'Fast divisibility tests (by 2,3,4,5,.., 16)?
What are the fastest divisibility tests? Say, given a little-endian architecture and a 32-bit signed integer: how to calculate very fast that a number is divisible by 2,3,4,5,... up to 16?
WARNING: given code is EXAMPLE only. Every line is independent! Just obvious solution using modulo operation is slow on many processors, which don't have DIV hardware (like many ARMs). Some compilers are also cannot make such optimizations (say, if divisor is a function's argument or is dependent on something).
Divisible_by_1 = do();
Divisible_by_2 = if (!(number & 1)) do();
Divisible_by_3 = ?
Divisible_by_4 = ?
Divisible_by_5 = ?
Divisible_by_6 = ?
Divisible_by_7 = ?
Divisible_by_8 = ?
Divisible_by_9 = ?
Divisible_by_10 = ?
Divisible_by_11 = ?
Divisible_by_12 = ?
Divisible_by_13 = ?
Divisible_by_14 = ?
Divisible_by_15 = ?
Divisible_by_16 = if(!number & 0x0000000F) do();
and special cases:
Divisible_by_2k = if(number & (tk-1)) do(); //tk=2**k=(2*2*2*...) k times
Solution 1:[1]
In every case (including divisible by 2):
if (number % n == 0) do();
Anding with a mask of low order bits is just obfuscation, and with a modern compiler will not be any faster than writing the code in a readable fashion.
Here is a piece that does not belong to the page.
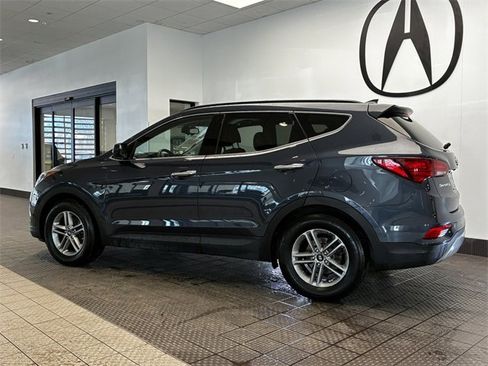 Used 2017 Hyundai Santa Fe Sport image 4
If you have to test all of the cases, you might improve performance by putting some of the cases in the if for another: there's no point it testing for divisibility by 4 if divisibility by 2 has already failed, for example.
Solution 2:[2]
As @James mentioned, let the compiler simplify it for you. If n is a constant, any decent compiler is able to recognize the pattern and change it to a more efficient equivalent.
For example, the code
#include <stdio.h>
int main() {
size_t x;
scanf("%u\n", &x);
__asm__ volatile ("nop;nop;nop;nop;nop;");
const char* volatile foo = (x%3 == 0) ? "yes" : "no";
__asm__ volatile ("nop;nop;nop;nop;nop;");
printf("%s\n", foo);
return 0;
}
compiled with g++-4.5 -O3, the relevant part of x%3 == 0 will become
mov rcx,QWORD PTR [rbp-0x8] # rbp-0x8 = &x
mov rdx,0xaaaaaaaaaaaaaaab
mov rax,rcx
mul rdx
lea rax,"yes"
shr rdx,1
lea rdx,[rdx+rdx*2]
cmp rcx,rdx
lea rdx,"no"
cmovne rax,rdx
mov QWORD PTR [rbp-0x10],rax
which, translated back to C code, means
(hi64bit(x * 0xaaaaaaaaaaaaaaab) / 2) * 3 == x ? "yes" : "no"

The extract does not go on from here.